The yield surface is schemed by Figure Figure #model-concrete-yd in the biaxial-stress (plane-stress) space. Note that we assume the principle stresses with the order $$\sigma_1 \le \sigma_2 \le \sigma_3$$ and positive for tension. Due to symmetry, only A-B-C-D is considered.

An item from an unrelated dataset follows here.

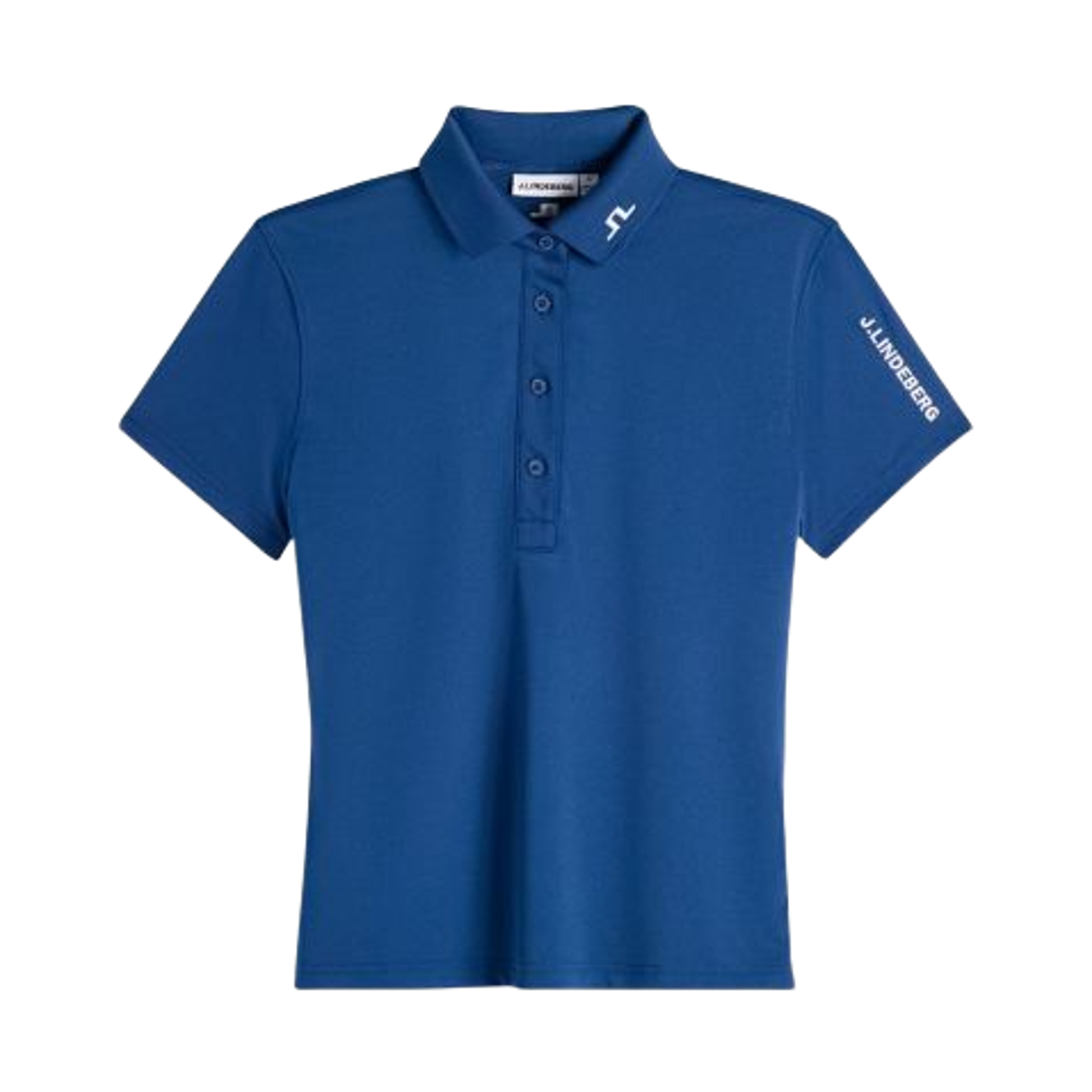GWJT14814-O341 (W) J.Lindeberg Tour Tech Polo Estate Blue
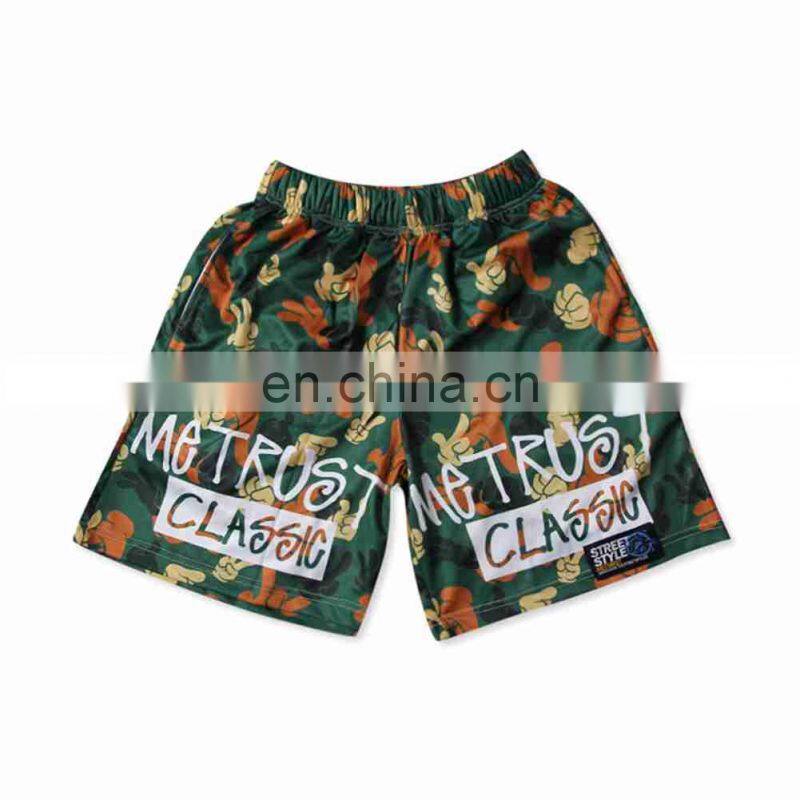 Men shorts comfortable printed pattern custom board shorts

For line A-B, a tension yield criteria is used:

(14)$f^t (\bar{\sigma}) = \bar{\sigma}_3 - \bar{\sigma}_t = 0$

For line B-C, a Mohr-Coulomb yield criteria is used:

(15)$f^s (\bar{\sigma}) = - \bar{\sigma}_t \bar{\sigma}_1 + \bar{\sigma}_c \bar{\sigma}_3 - \bar{\sigma}_c \bar{\sigma}_t= 0$

For curve C-D, a Drucker-Prager yield criteria is used:

(16)$f^d (\bar{\sigma}) = \alpha \bar{I}_1 + \bar{q} - (1-\alpha) \bar{\sigma}_c = 0$

where $$\bar{I}_1$$ is the first stress invariant, $$\bar{q}$$ is the equivalent shear stress, and

(17)$\alpha = \frac{f_{b0}/f_{c0} - 1}{2(f_{b0}/f_{c0}) - 1}$

where $$f_{c0}$$ is the uniaxial yield compressive strength and $$f_{b0}$$ is the biaxial yield compressive strength. Since usually $$f_{b0} \ge f_{c0}$$, $$\alpha$$ is in the range of $$0 \le \alpha < 0.5$$.

Flow Rule

The plastic strain rate is evaluated by the flow rule, which is defined by a scalar plastic potential function $$g$$. For a plastic potential in the effective stress space, the plastic strain is given by

(18)$\Delta \epsilon_{ij}^p = \lambda \frac{\partial g}{\partial \bar{\sigma}_{ij}}$

where $$\lambda$$ is a non-negative function referred to as the plastic consistency parameter (plastic multiplier).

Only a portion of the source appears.